Pi Estimate:  3.14179664
Time Elapsed:  3.100929021835327


## Several GPU Approaches

### Create Context and Command Queue

In [4]:
import pyopencl as cl
import pyopencl.clrandom as clrand
import pyopencl.array as cl_array
from pyopencl.elementwise import ElementwiseKernel
from pyopencl.reduction import ReductionKernel
import time
import numpy as np
 
ctx = cl.create_some_context()
queue = cl.CommandQueue(ctx)

### Map on GPU, Reduce on CPU

In [35]:
t0 = time.time()
n_runs = 10**8

x_dev = clrand.rand(queue, (n_runs), np.float32, a=-1, b=1)
y_dev = clrand.rand(queue, (n_runs), np.float32, a=-1, b=1)

map_result = (y_dev ** 2 + x_dev ** 2) <= 1
n_total = map_result.get()
n_in = np.sum(n_total)

print(4 * n_in / n_runs)
print("Time Elapsed (Map on GPU): ", time.time() - t0)

3.14161396
Time Elapsed (Map on GPU):  0.23005914688110352



### Combined Map/Reduce on GPU

In [37]:
t1 = time.time()
n_runs = 10**8
x_dev = clrand.rand(queue, (n_runs), np.float32, a=-1, b=1)
y_dev = clrand.rand(queue, (n_runs), np.float32, a=-1, b=1)

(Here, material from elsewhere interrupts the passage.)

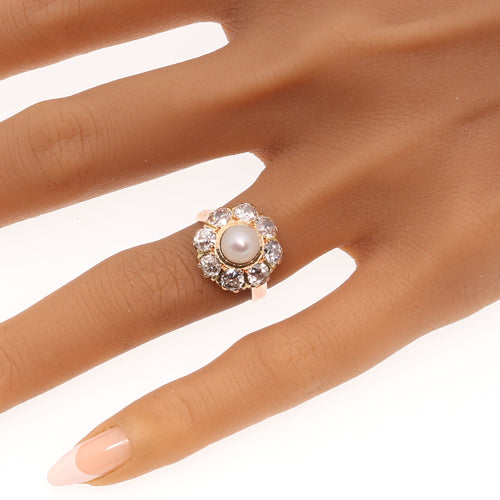 51 Bague victorienne en or jaune et rouge, perle et diamants 58 Facettes 26085-0085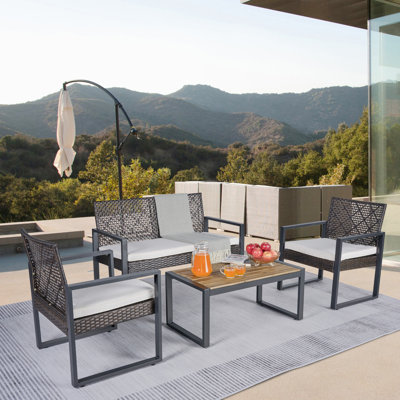4-Piece Patio Furniture Set Outdoor Balcony Porch Garden Backyard Lawn Furniture Acacia Wood Table Top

rknl = ReductionKernel(ctx, np.float32,
        arguments="float *x, float *y",
        map_expr="(x[i]*x[i] + y[i]*y[i]) <= 1 ? 1 : 0",
        reduce_expr="a+b",
        neutral="0",
        )

n_in = rknl(x_dev, y_dev).get()
print(4 * n_in / n_runs)
 
print("Time Elapsed (Map + Reduce on GPU): ", time.time() - t1)

3.1415648
Time Elapsed (Map + Reduce on GPU):  0.018733501434326172


## Bonus: Abstracting Away Explicit Memory Operations with `numba`

In addition to compiling code for CPUs, `numba` also gives us the ability to compile (rudimentary) code for GPUs via similar decorators. Here, we don't need to explicitly deal with transferring data to and from the GPU if we don't want to (although, we will not see the same speedups that PyOpenCL/PyCUDA will give us). Under the hood, `numba` uses CUDA, but we do not need to explicitly write code using CUDA syntax.

In [13]:
from numba import vectorize, cuda
from numba.core.errors import NumbaPerformanceWarning
import warnings
warnings.simplefilter('ignore', category=NumbaPerformanceWarning)

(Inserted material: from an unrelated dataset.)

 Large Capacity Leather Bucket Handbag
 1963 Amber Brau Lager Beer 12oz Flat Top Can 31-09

# `numba` has GPU RNG, but only compare map/reduce ops here
# see here for example of GPU-side RNG: https://numba.readthedocs.io/en/stable/cuda/random.html
n_runs = 10**8
ran = np.random.uniform(low=-1, high =1, size=(2, n_runs)).astype(np.float32)
x, y = ran[0], ran[1]

@vectorize(['i4(f4, f4)'], target='cuda')
def in_circle(x, y):
  '''
  Vectorized function takes in x, y coordinates (float32, float32) within an
  array and returns a boolean indication of whether these values are (1) or
  are not (0) in the unit circle (int32). All computation is done on the GPU.
  '''
  in_circle = x**2 + y**2 <= 1
  return in_circle

@cuda.reduce
def gpu_sum(a, b):
  '''
  Sums values in an array together on the GPU.
  '''
  return a + b

First, we might try to only perform the mapping operation on the GPU (passing the x and y arrays over to the GPU, computing whether the random coordinates are in the unit circle or not, and then sending values back to the CPU to sum and estimate pi).

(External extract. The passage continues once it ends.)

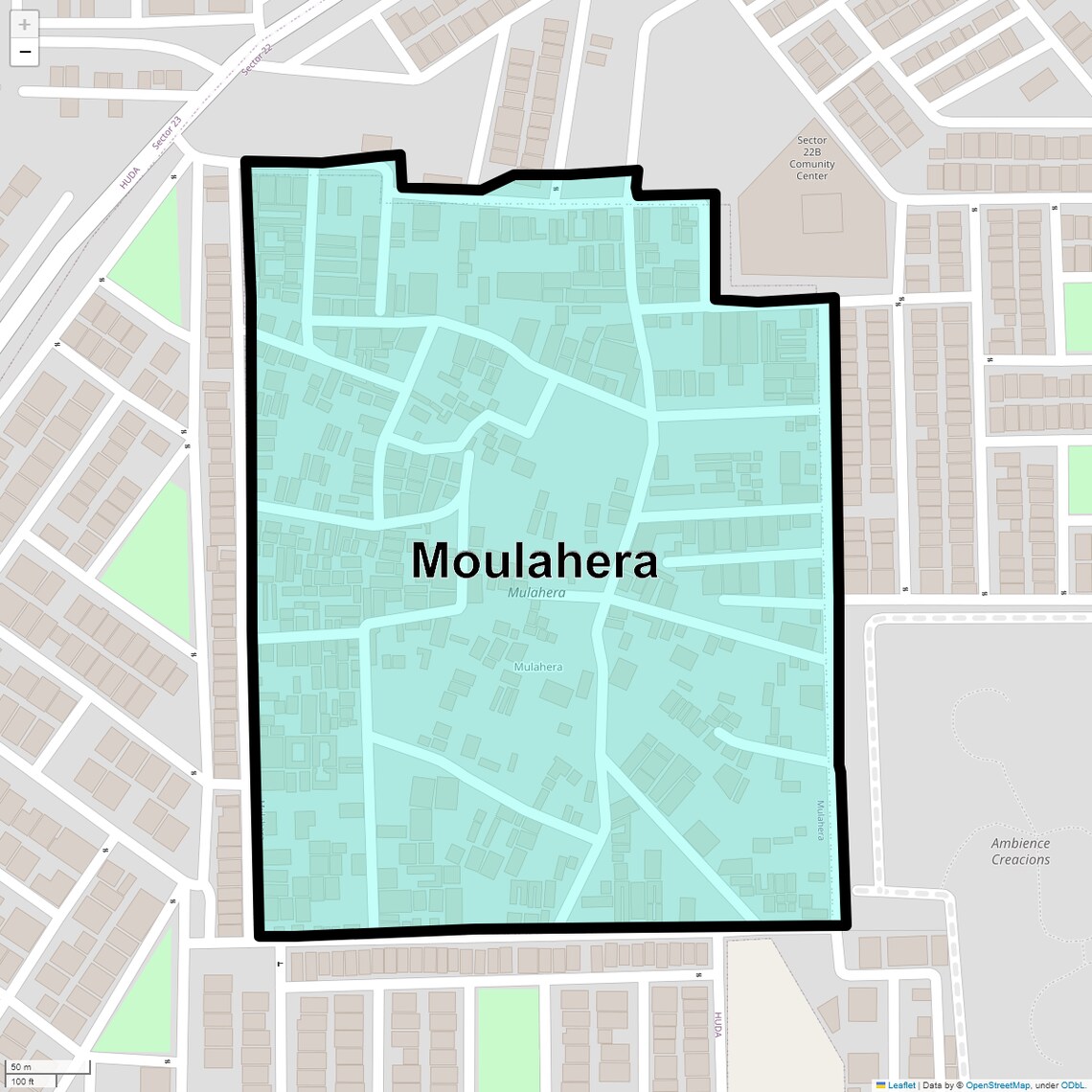 Location Map of Moulahera, Gurgaon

Note that this is in the same order of magnitude as the GPU Map/CPU Reduce solution above with PyOpenCL (although PyOpenCL/PyCUDA can be a bit faster -- note the times above).

In [18]:
%%timeit
result = in_circle(x, y)
4 * np.sum(result) / n_runs

397 ms ± 99.3 ms per loop (mean ± std. dev. of 7 runs, 1 loop each)


Can also perform the summation on the GPU...

In [17]:
%%timeit
# Perform both in_circle check and sum ops on GPU
result = in_circle(x, y)
4 * gpu_sum(result) / n_runs

298 ms ± 16.8 ms per loop (mean ± std. dev. of 7 runs, 1 loop each)


And store intermediate results on the GPU (similar to the `reduce` kernel defined in PyOpenCL above, but adding in some extra complexity):

In [16]:
%%timeit
# Slight improvement by keeping intermediate result on GPU, but not to the
# degree of PyOpenCL's fast map + reduce. Would need to define custom kernel
# to match PyOpenCL/PyCUDA's speed with `numba`
# (outside the scope of the course: https://numba.pydata.org/numba-doc/latest/cuda/kernels.html)
in_circle_dev = cuda.device_array(shape=(n_runs,),
                                  dtype=np.float32)
in_circle(x, y, out=in_circle_dev)
4 * gpu_sum(in_circle_dev) / n_runs

211 ms ± 23.3 ms per loop (mean ± std. dev. of 7 runs, 1 loop each)